[Records drawn from a dataset]
::::::
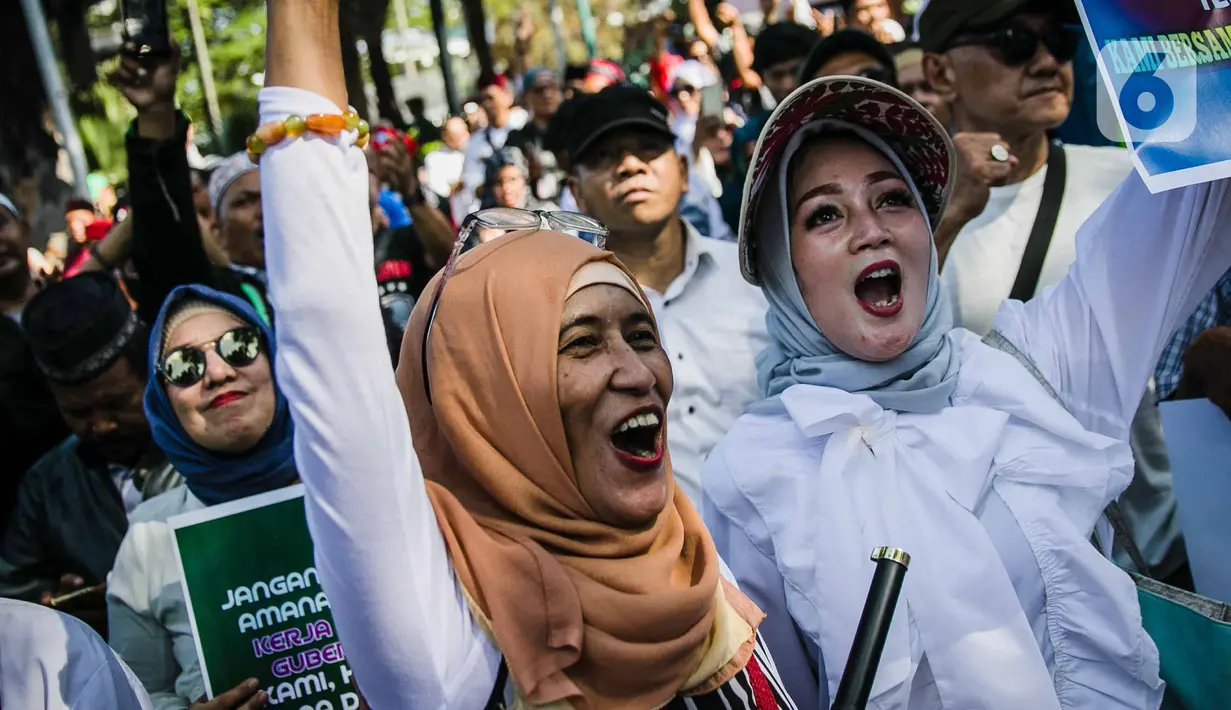 Massa Gentari (Genarasi Cinta Negeri) menggelar aksi dukungan kepada Gubernur DKI Jakarta, Anies Baswedan di depan Balai Kota DKI Jakarta, Selasa (14/1/2020). Mereka mengawal Anies Baswedan agar menyelesaikan program kerja sebagai Gubernur DKI terkait penanganan banjir. (Liputan6.com/Faizal Fanani)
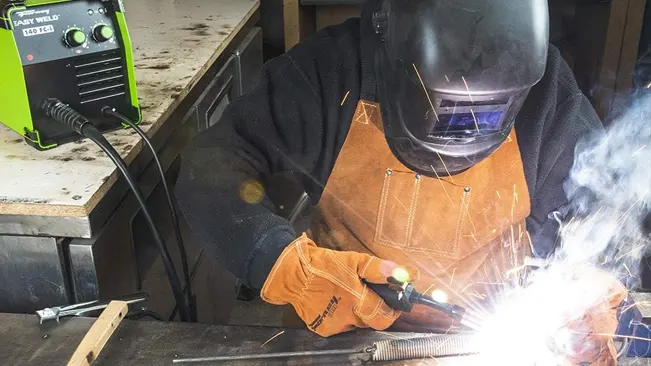 Welder in protective gear using the Forney Easy Weld 140 FC-I, with sparks flying during welding.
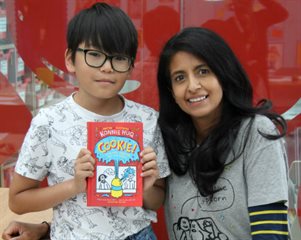 Konnie with her book and an Evelina London patient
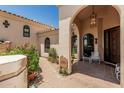 Charming front porch with arched entry and well-kept desert landscaping at 6010 E Languid Ln, Carefree, AZ 85377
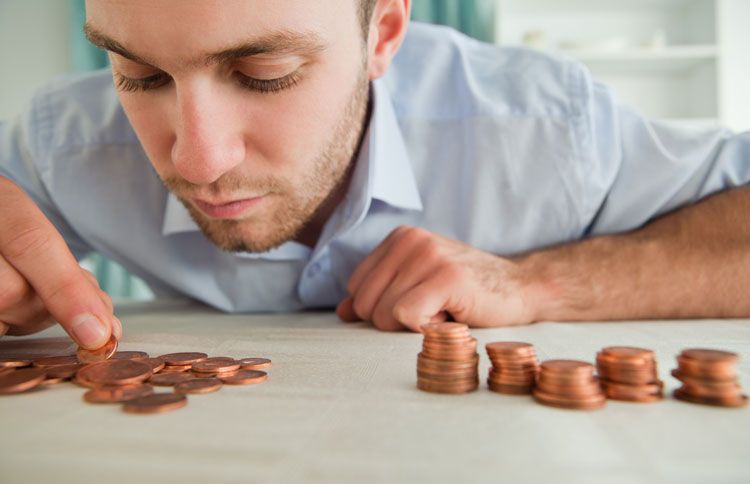 A young man counts his coins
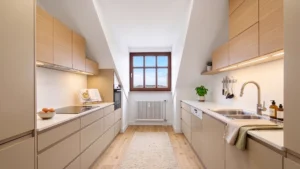 3D visualization of a modern, bright fitted kitchen under a sloping roof in Munich Berg am Laim – Rogers Immobilien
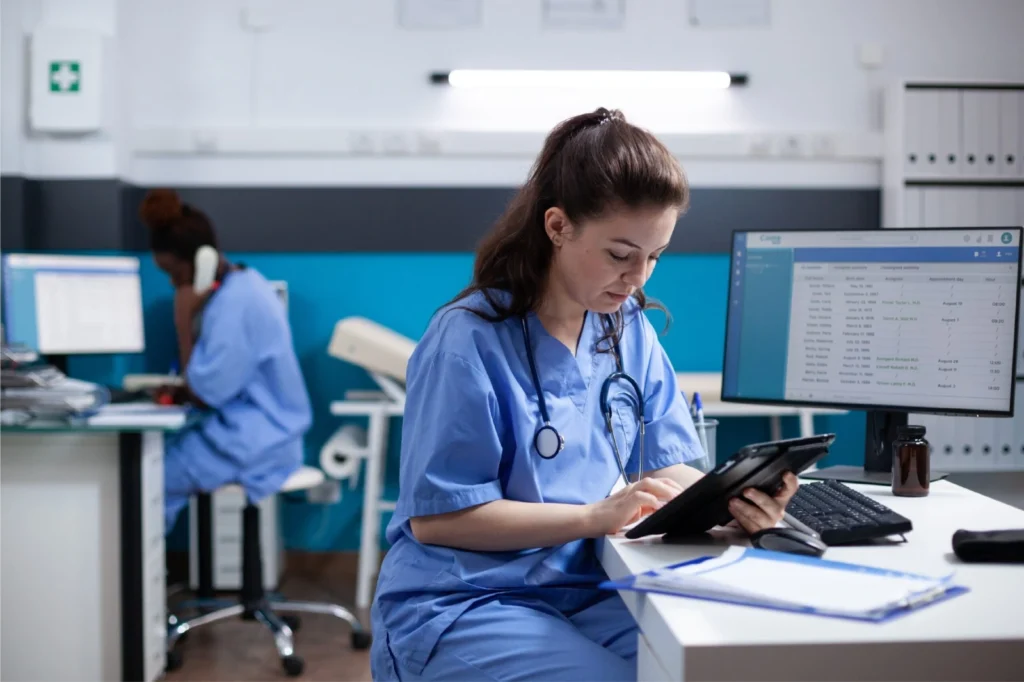 Female nurse in blue scrubs sits at a desk using a tablet, stethoscope around her neck, with a computer monitor nearby.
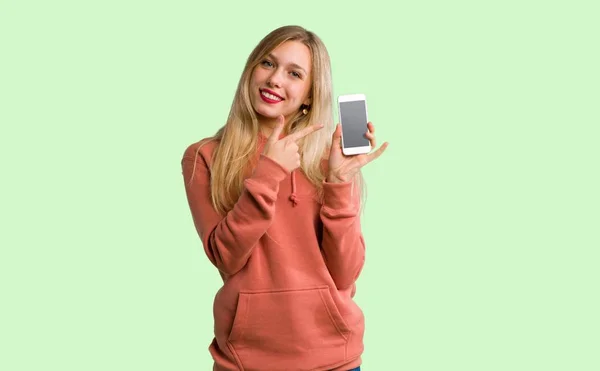 Junges Mädchen Zeigt Das Handy Auf Grünem Hintergrund — Stockfoto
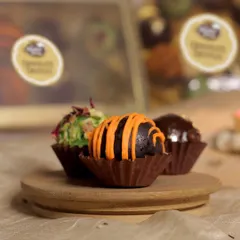A close-up of our assorted chocolate truffles. This shot highlights the chocolate orange truffle, with its vibrant orange drizzle, alongside our coconut rose and hazelnut flavors.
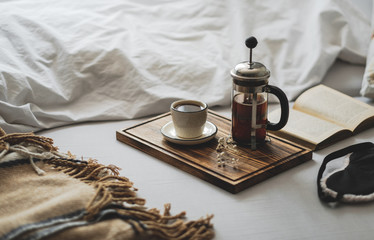 Coffee brewed in a French press and a cup on a wooden board with open book in bed. Morning at home, coziness and comfort. - Powered by Adobe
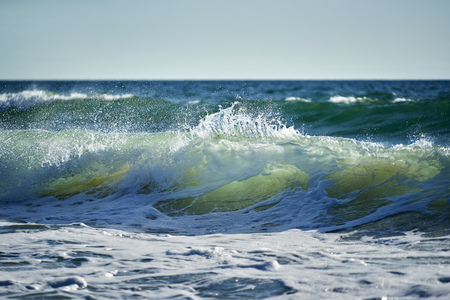 Wave just breaking and white on the sea in backlight and sprayの写真素材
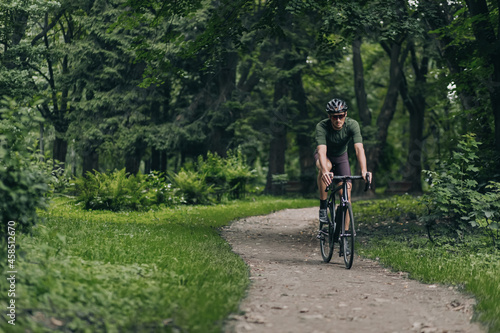 Muscular man cycling along city park during morning time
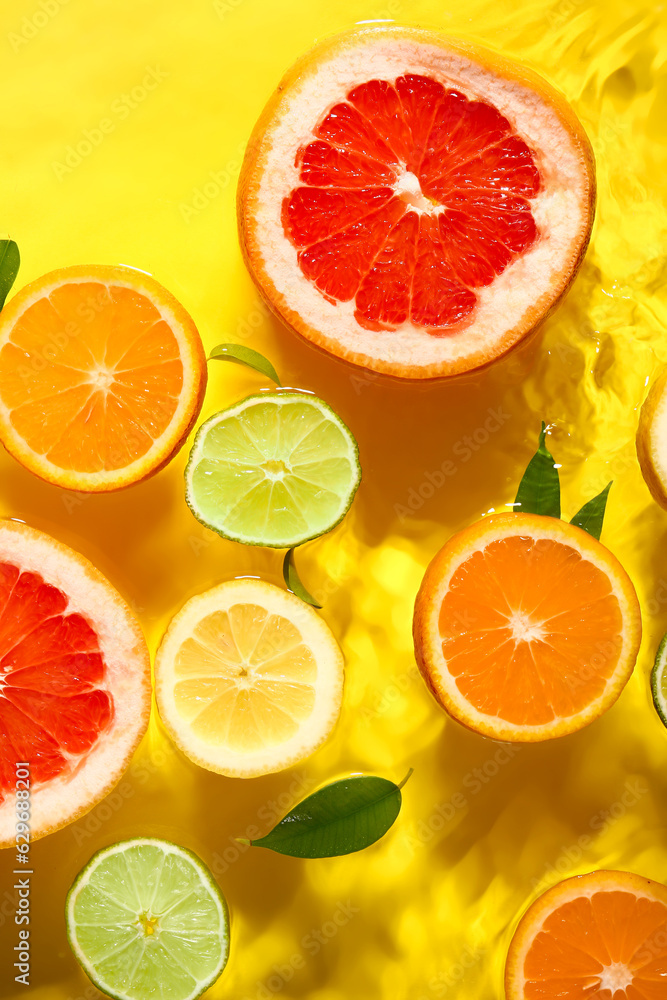 Different citrus fruit slices and leaves in water on yellow background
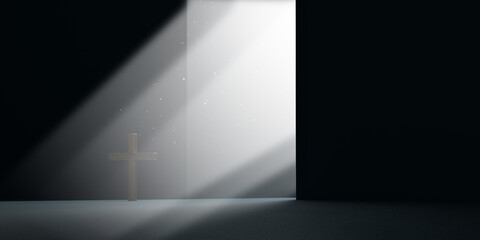 Wooden Christian cross standing under dramatic ray of light from an opening. Concept of faith, hope, divine guidance, salvation, and the path to God.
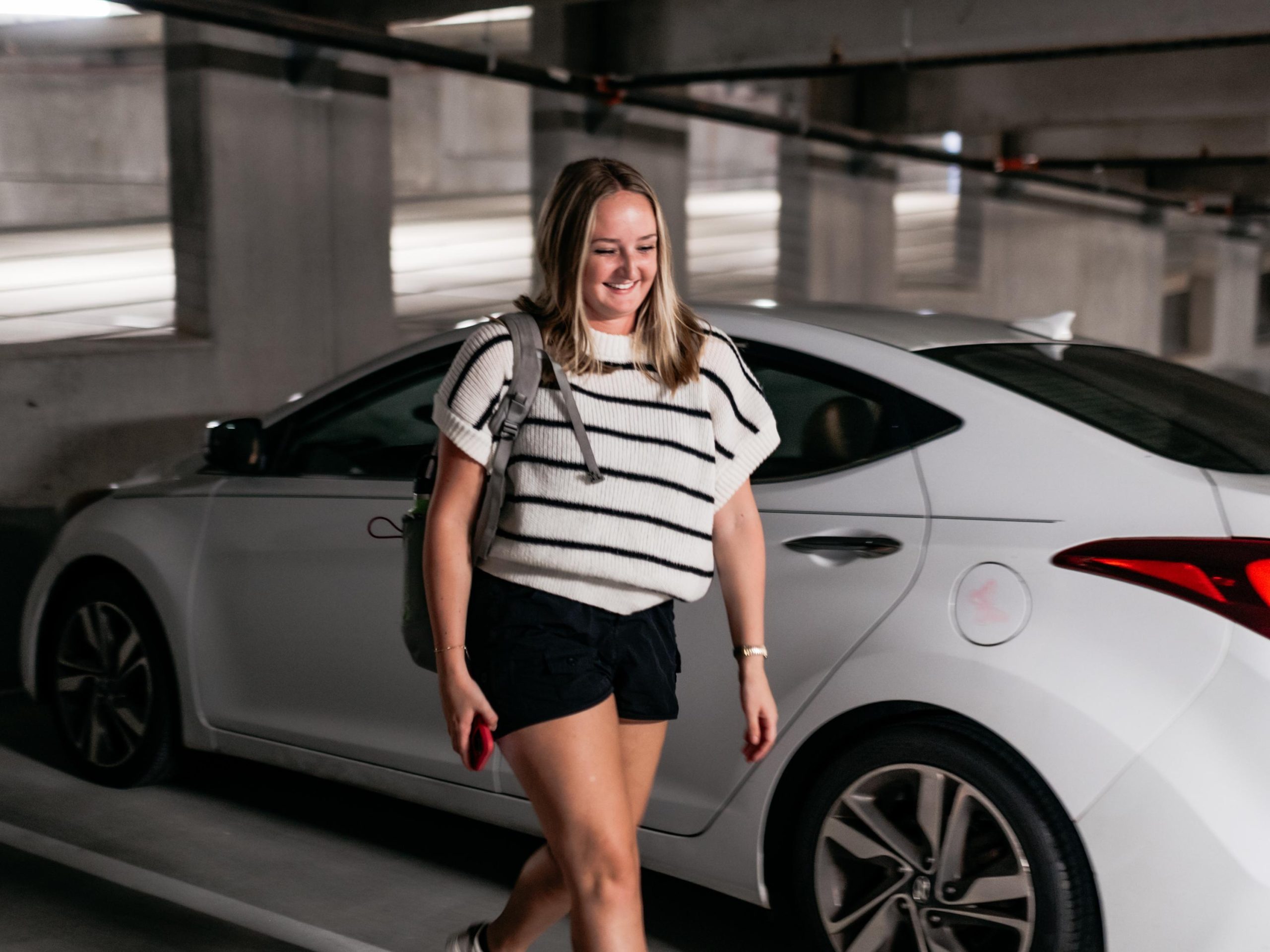A woman with shoulder-length hair, wearing a white and black striped shirt and black shorts, walks in a parking garage next to a white car, smiling and holding a red phone in her hand.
::::::
__Task requirements__: The expected output is the lines above from the one containing "Konnie with her" to the one containing "Junges Mädchen Zeigt", both ends included, reproduced exactly with every picture left out.

__Answer to this exercise__:
 Konnie with her book and an Evelina London patient
 Charming front porch with arched entry and well-kept desert landscaping at 6010 E Languid Ln, Carefree, AZ 85377
 A young man counts his coins
 3D visualization of a modern, bright fitted kitchen under a sloping roof in Munich Berg am Laim – Rogers Immobilien
 Female nurse in blue scrubs sits at a desk using a tablet, stethoscope around her neck, with a computer monitor nearby.
 Junges Mädchen Zeigt Das Handy Auf Grünem Hintergrund — Stockfoto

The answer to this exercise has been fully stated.